Cull all duplicates in a set

Cull all duplicates in a set - java

I'm using Set to isolate the unique values of a List (in this case, I'm getting a set of points):
Set<PVector> pointSet = new LinkedHashSet<PVector>(listToCull);
This will return a set of unique points, but for every item in listToCull, I'd like to test the following: if there is a duplicate, cull all of the duplicate items. In other words, I want pointSet to represent the set of items in listToCull which are already unique (every item in pointSet had no duplicate in listToCull). Any ideas on how to implement?
EDIT - I think my first question needs more clarification. Below is some code which will execute what I'm asking for, but I'd like to know if there is a faster way. Assuming listToCull is a list of PVectors with duplicates:
Set<PVector> pointSet = new LinkedHashSet<PVector>(listToCull);
List<PVector> uniqueItemsInListToCull = new ArrayList<PVector>();
for(PVector pt : pointSet){
int counter=0;
for(PVector ptCheck : listToCull){
if(pt==ptCheck){
counter++;
}
}
if(counter<2){
uniqueItemsInListToCull.add(pt);
}
}
uniqueItemsInListToCull will be different from pointSet. I'd like to do this without loops if possible.

You will have to do some programming yourself: Create two empty sets; on will contain the unique elements, the other the duplicates. Then loop through the elements of listToCull. For each element, check whether it is in the duplicate set. If it is, ignore it. Otherwise, check if it is in the unique element set. If it is, remove it there and add to the duplicates set. Otherwise, add it to the unique elements set.
If your PVector class has a good hashCode() method, HashSets are quite efficient, so the performance of this will not be too bad.
Untested:
Set<PVector> uniques = new HashSet<>();
Set<PVector> duplicates = new HashSet<>();
for (PVector p : listToCull) {
if (!duplicates.contains(p)) {
if (uniques.contains(p)) {
uniques.remove(p);
duplicates.add(p);
}
else {
uniques.add(p);
}
}
}
Alternatively, you may use a third-party library which offers a Bag or MultiSet. This allows you to count how many occurrences of each element are in the collection, and then at the end discard all elements where the count is different than 1.

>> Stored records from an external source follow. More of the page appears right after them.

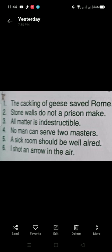First sentence: 'The cackling of geese saved Rome.' Here, 'the cackling of geese' is the subject and 'saved Rome' is the predicate. Second sentence: 'Stone walls do not a prison make.' Here, 'stone walls' is the subject — it is the thing about which information is given — and 'do not a prison make' is the predicate.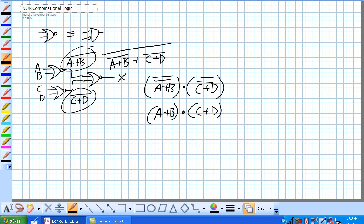So let's use our negative AND to simplify these things. Quite like previously, we're just going to take our output, change it to a negative AND. Here's our inputs, our NORs.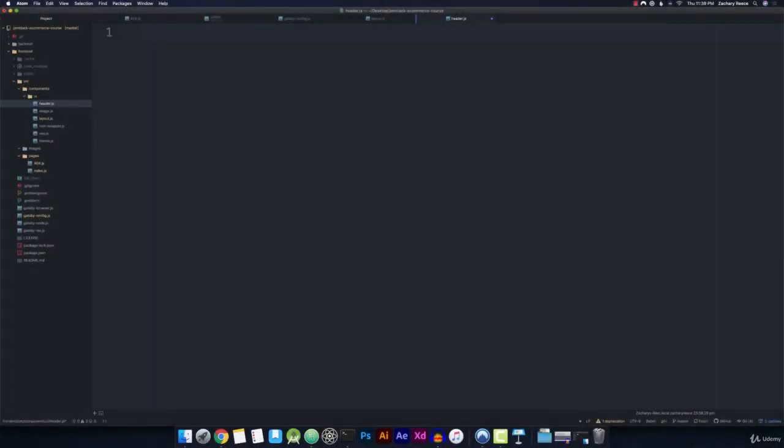The first thing that we're going to need to do is import the Material UI components that we'll need to build out a header. Thankfully, Material UI provides us specific components to solve this problem because a header is such a common UI element.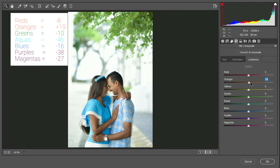I will show you how to save the preset in this video.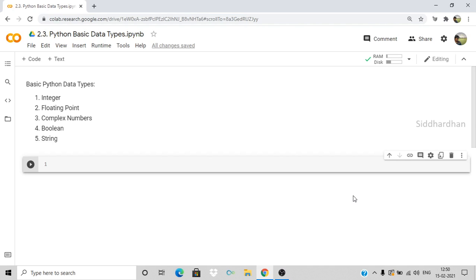Integers are the integer values, whereas floating points are the decimal numbers. Complex numbers have one real part and one imaginary part. Boolean has two values — true and false. String basically means words or sentences. Let's see how we can use these different data types in Python and some of the functions or operations we can do on them.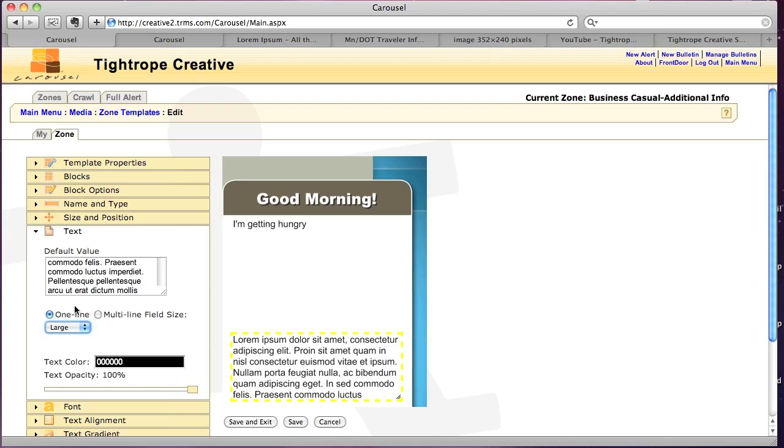Okay. So notice how there's more information here. So when we're dealing with paragraph text, it's better to have this set to multi-line field size so that it gives you a much larger amount of space to actually write the text in.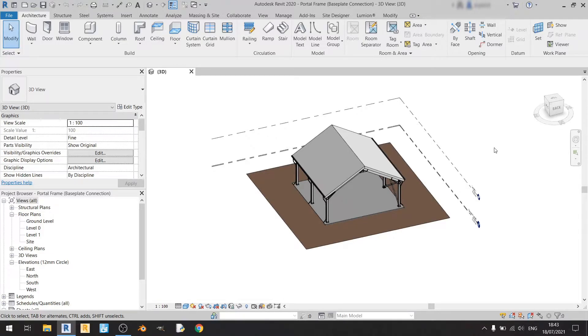Hello and welcome to another Revit tutorial. In this tutorial, I'll be showing you how to detail an endplate connection for your column. So let's get started.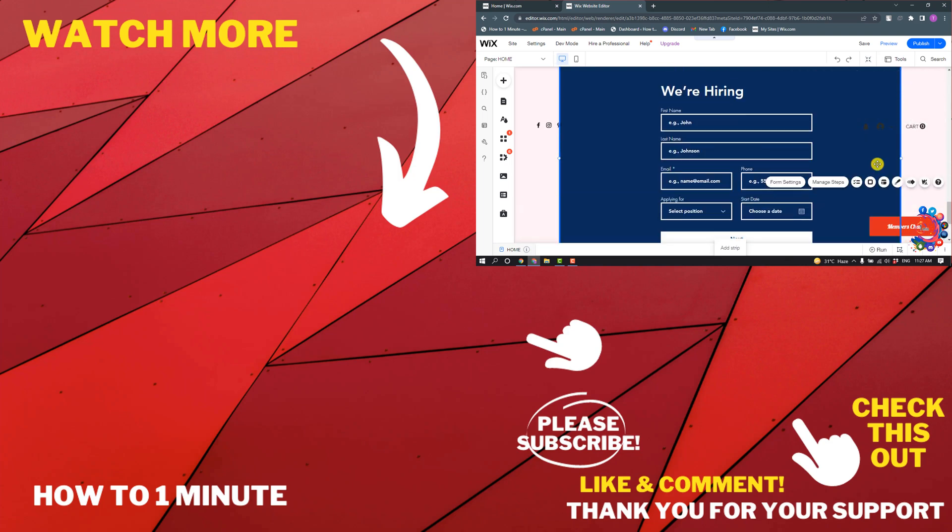If you want to see more WordPress videos, please check the links in the description. If this video helped you, give a thumbs up and please consider subscribing to How To 1 Minute. Thank you.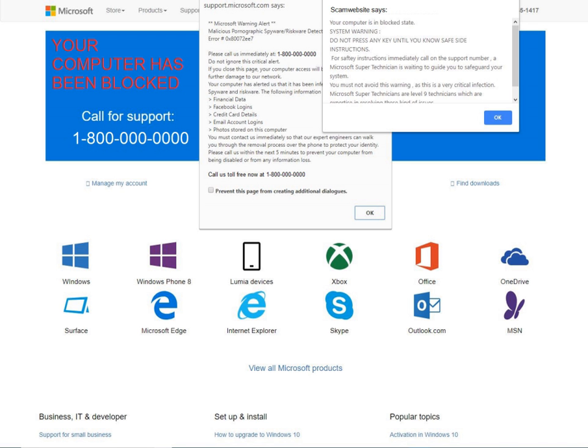Such cold calls are mostly targeted at Microsoft Windows users, with the caller often claiming to represent a Microsoft technical support department.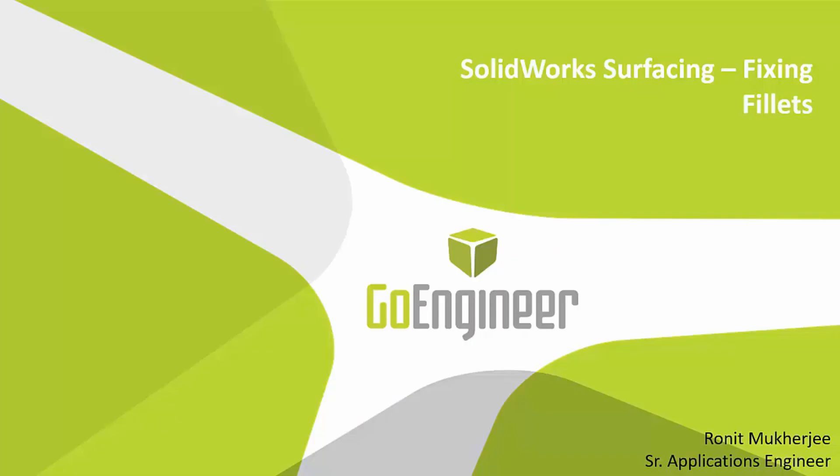Hi, my name is Ronit Mukherjee and I'm an applications engineer with Go Engineer. In today's quick tip video, I'm going to be showing you a new strategy with which we make sure that multiple fillets have a good blend going on.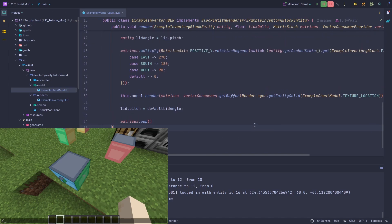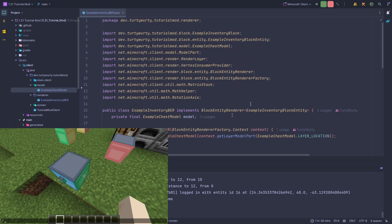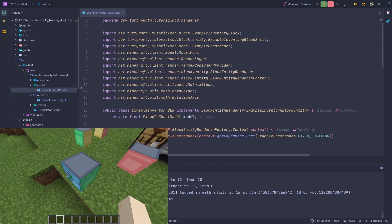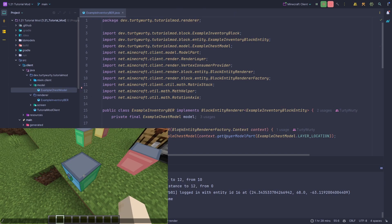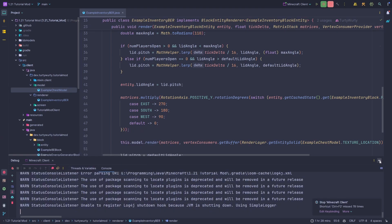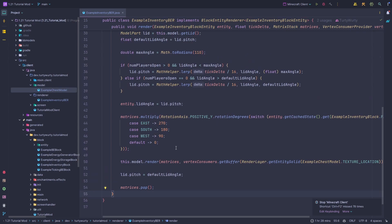I'm going to be using the exact same model we had in the previous tutorial, though I've edited it. As you can see in the game, if I open it and look inside, there is now an empty space inside the model. That's because we're going to render all of the items actually stored inside this chest model. It's relatively simple to render an item.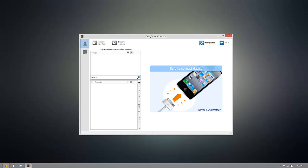So once you have CopyTrans contacts open, connect your iOS device to your computer and you'll start to see all of your contacts begin to populate inside of the program.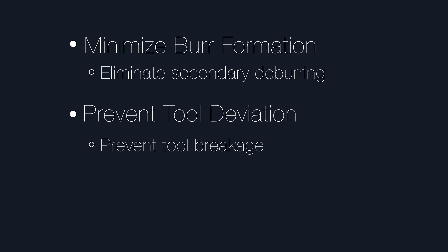Preventing tool deviation on irregular or curved surfaces, such as an internal hole wall, prevents tool breakage and extends tool life.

What you are looking for is the intersection:
Assuming that PVector (terrible name by the way) implements hashCode() and equals() correctly a Set will eliminate duplicates.
If you want a intersection of the List and an existing Set create a Set from the List then use Sets.intersection() from Guava to get the ones common to both sets.
public static <E> Sets.SetView<E> intersection(Set<E> set1, Set<?> set2)
Returns an unmodifiable view of the intersection of two sets. The returned set contains all
elements that are contained by both backing sets. The iteration order
of the returned set matches that of set1. Results are undefined if
set1 and set2 are sets based on different equivalence relations (as
HashSet, TreeSet, and the keySet of an IdentityHashMap all are).
Note: The returned view performs slightly better when set1 is the
smaller of the two sets. If you have reason to believe one of your
sets will generally be smaller than the other, pass it first.
Unfortunately, since this method sets the generic type of the returned
set based on the type of the first set passed, this could in rare
cases force you to make a cast, for example:
Set aFewBadObjects = ... Set manyBadStrings =
...
// impossible for a non-String to be in the intersection
SuppressWarnings("unchecked") Set badStrings = (Set)
Sets.intersection(
aFewBadObjects, manyBadStrings); This is unfortunate, but should come up only very rarely.
You can also do union, complement, difference and cartesianProduct as well as filtering very easily.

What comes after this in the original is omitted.